If you give 2 software developers the same software spec they will give you 2 completely different pieces of software.
The code is the blueprints.
If you’re building a new innovative house that is different than what currently exists, the design phase is very similar to software development, and is likely to take an amount of time that is unknown at the beginning.
I like kanban, a stack of tasks with predefined dependencies determining if a card can be picked up, and sorted in priority order once they can be picked up. When something critical goes wrong, the entire team stops and works the problem individually, competitively , until the problem is solved, and the team then resumes their prior work. CI/CD delivers to production, features are enabled when they are ready and the customer is ready. Feedback goes immediately back into the stack and delivery leads constantly manage the feature flags, the stack priority, and inter team communication. The devs just dev and stop the line. The team tech lead, product lead, delivery lead, architect, and program/product lead do all the negotiations and priority setting. There are no estimates. You deliver constantly. You need strong leads and architects to run this way, and you should probably coach your client to expect slow change at first, and rapid change after the first release.
Done this at several clients, for several different domains, with lots of interdependent teams as a consultant, and it is highly productive. The one time it failed, we didn't get buy-in on feature flags in production and the client insisted on batched release branches and long-term maintenance branches for those cut releases.
The other, minor failure, is that it is very prone to momentum. That's when teams get overconfident that they can fix problems in-band with tasks (because they've been successful for so long), and are resistant to stopping the line. This can be spotted by a person not delivering a pr for more than two weeks, or not transitioning a card to done for more than two weeks. Tech lead calls a meeting, determines the issue, decides on stop the line or not.
It works. It's iterative. It keeps the number of communications channels and decision stakeholders low. It cross-polinates through linked dependencies. It ensures product cohesion thru feature flags. It evades critical missteps and bugs via stop the line. And it works well with our modern SSO dev/platform ops and integrated toolsets (Atlassian/clickup + ci pipeline of choice where docs, features, delivery can all talk to each other and reports can be generated for leads that pull from the integrated tools). It doesn't fix Conway's law, but I am not sure that actually needs fixing in truly large development houses.
Software is arbitrary logic which many stakeholders expect to be magic. It's not the same as any kind of construction project.
Thats like asking 'how does naming my local variable X instead of Y have any dependency on code in other functions? and assuming that summarizes the complexity of writing code.

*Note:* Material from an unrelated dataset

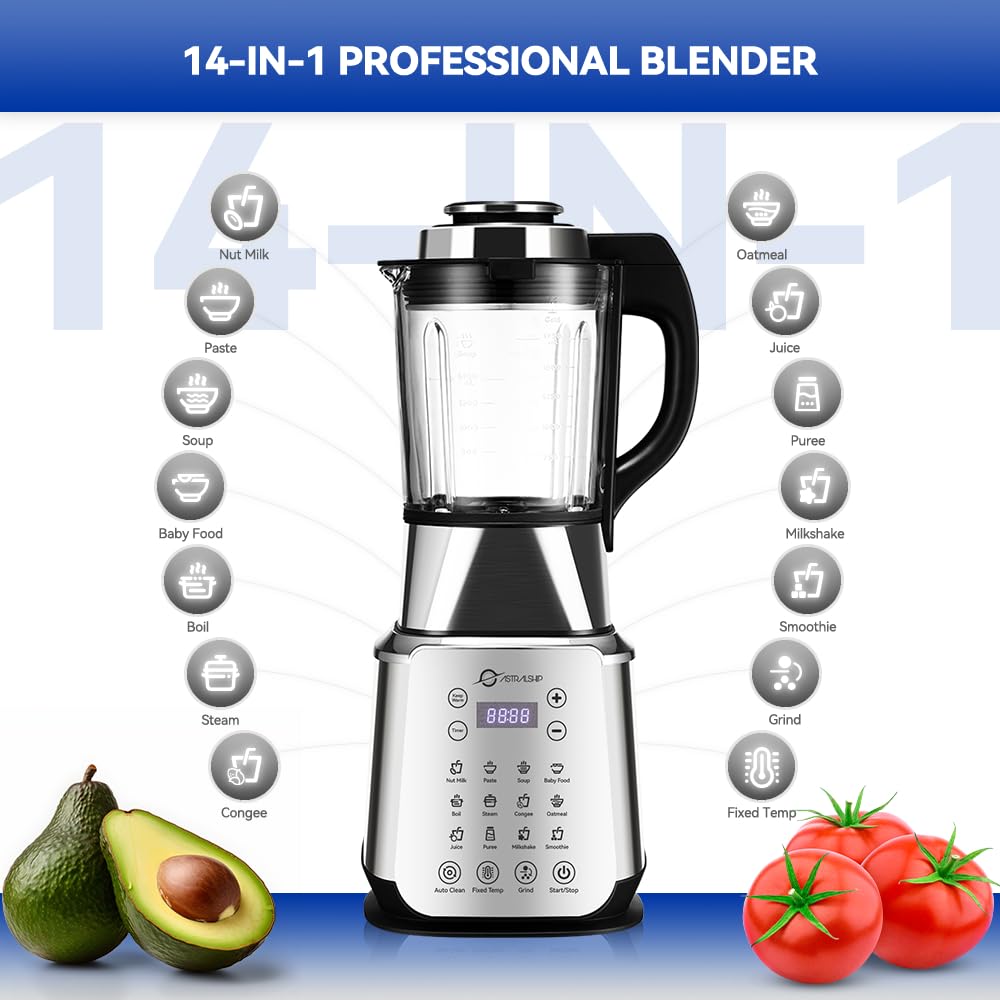 Ash01-S Stainless Steel Blender With Heating, 26000-60000Rpm High Speed Food Processors Blender For Kitchen, 1200W Glass Jar Ble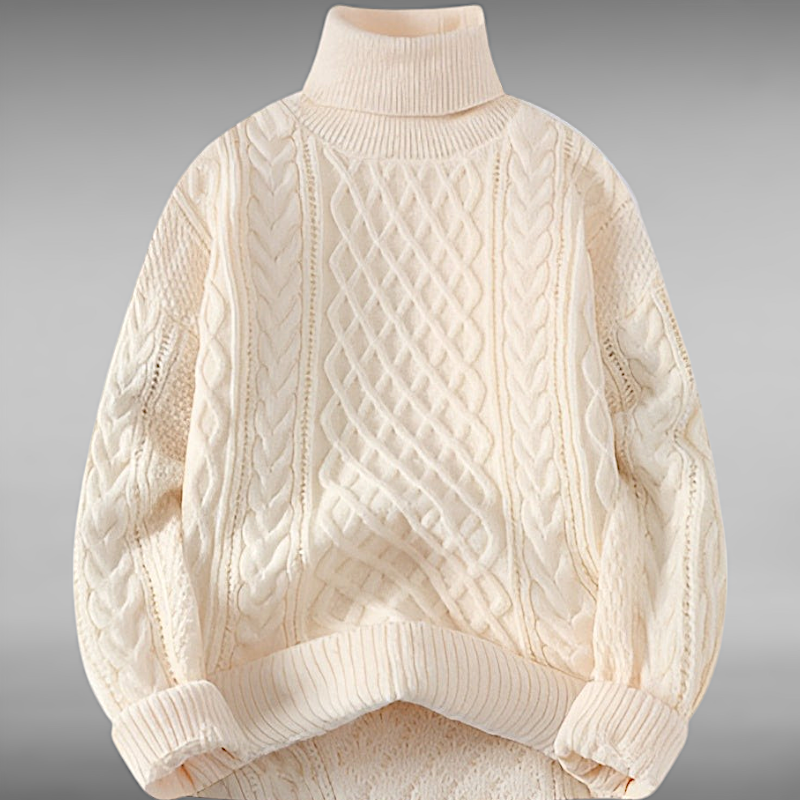 Asger™ | Vintage Tvunnet Høyhalset Genser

I take it you have never built a large custom house from scratch.
Yes, I have been privy to the pain of custom home builds and remodels. The difference is, when someone says "oh damn the plumbing isn't working as well as we would like", when the contractor says that's not feasible to fix without gutting the house back to studs at the cost of hundreds of thousands, people understand that intuitively. They don't say "can't you just drill some holes and run some new pipes diagonally through the living space".
Software is malleable, opaque, and ever-changing. Construction and maintenance costs of physical infrastructure can be explained in a way that a reasonable lay person can understand. That is not true of software at scale.